Segment Open

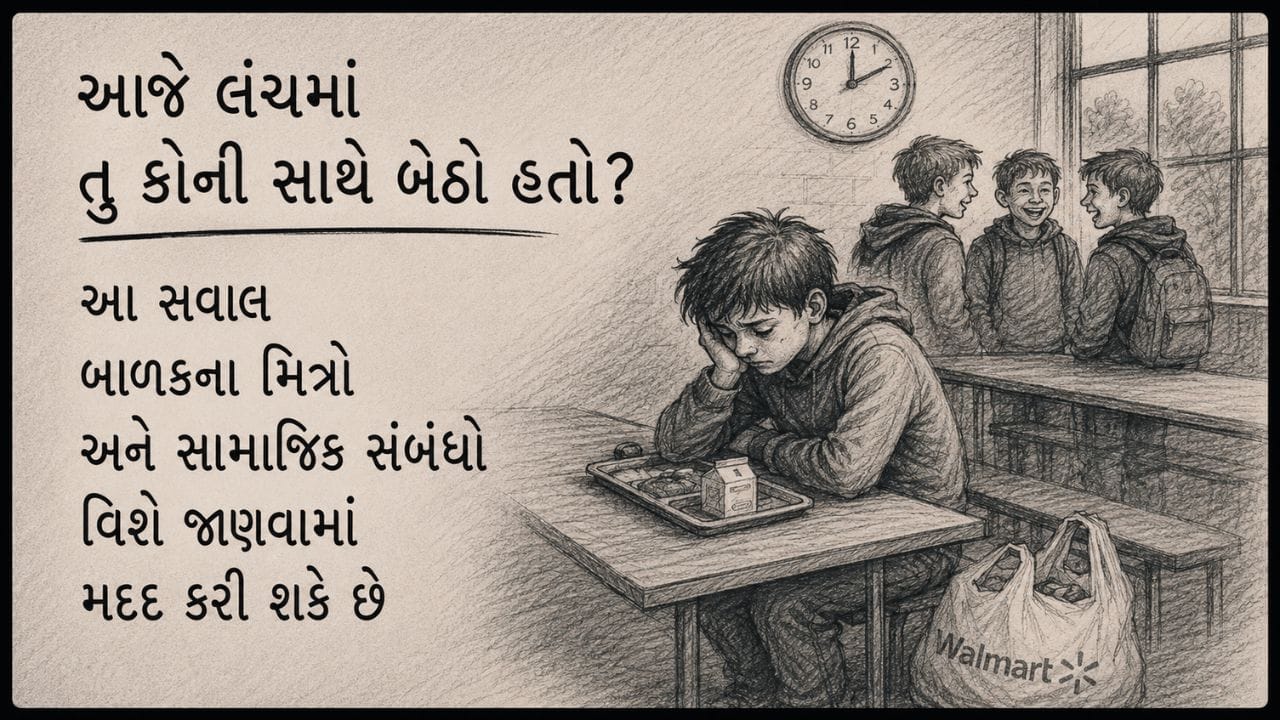 આજે લંચમાં તુ કોની સાથે બેઠો હતો? આ સવાલ બાળકના મિત્રો અને સામાજિક સંબંધો વિશે જાણવામાં મદદ કરી શકે છે. ક્યારેક બાળક “કોઈ સાથે નહીં” એવો જવાબ આપે તો તેની પાછળ એકલતા અથવા મિત્રોથી દૂર રાખવામાં આવવાની લાગણી પણ હોઈ શકે છે. (Image Source | AI Generated)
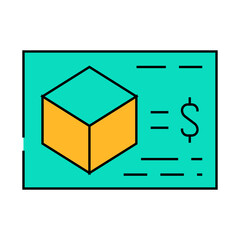 calculating cost of production line icon vector. calculating cost of production sign. isolated symbol illustration
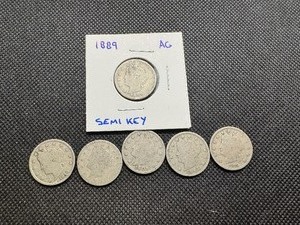 Semi Key Date 1889  (5) Avg Date V Nickels (6 Coins)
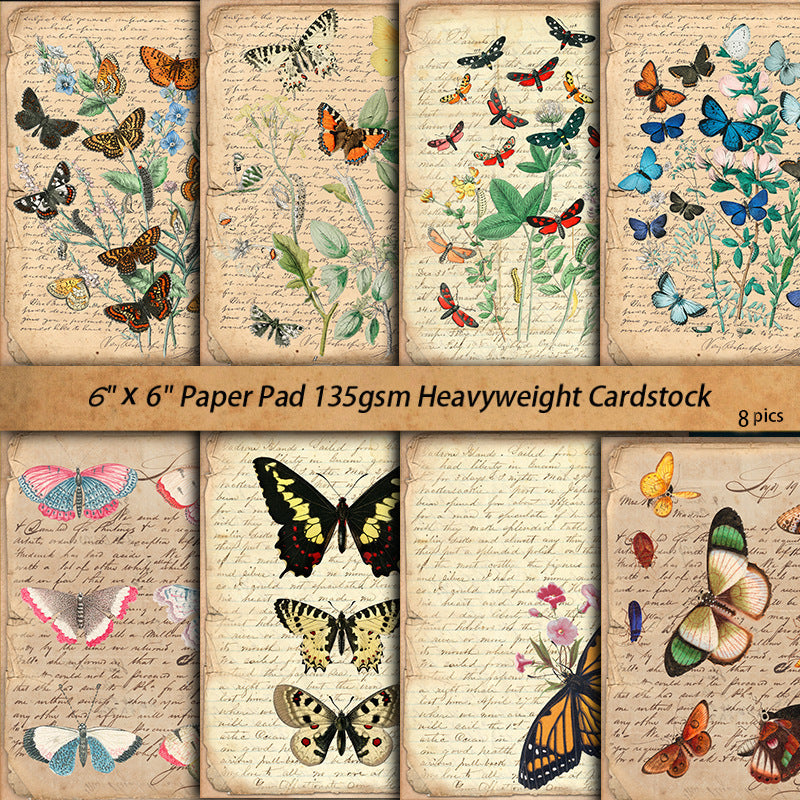 8PCS Butterfly book texturing paper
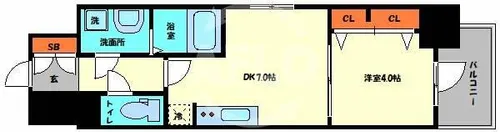 エスリード弁天町グロリア【13階】の間取り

Segment Closed

▶ [Task description] An exact copy of every record above is needed, with all pictures left out.

▶ [Output of the task]
 આજે લંચમાં તુ કોની સાથે બેઠો હતો? આ સવાલ બાળકના મિત્રો અને સામાજિક સંબંધો વિશે જાણવામાં મદદ કરી શકે છે. ક્યારેક બાળક “કોઈ સાથે નહીં” એવો જવાબ આપે તો તેની પાછળ એકલતા અથવા મિત્રોથી દૂર રાખવામાં આવવાની લાગણી પણ હોઈ શકે છે. (Image Source | AI Generated)
 calculating cost of production line icon vector. calculating cost of production sign. isolated symbol illustration
 Semi Key Date 1889  (5) Avg Date V Nickels (6 Coins)
 8PCS Butterfly book texturing paper
 エスリード弁天町グロリア【13階】の間取り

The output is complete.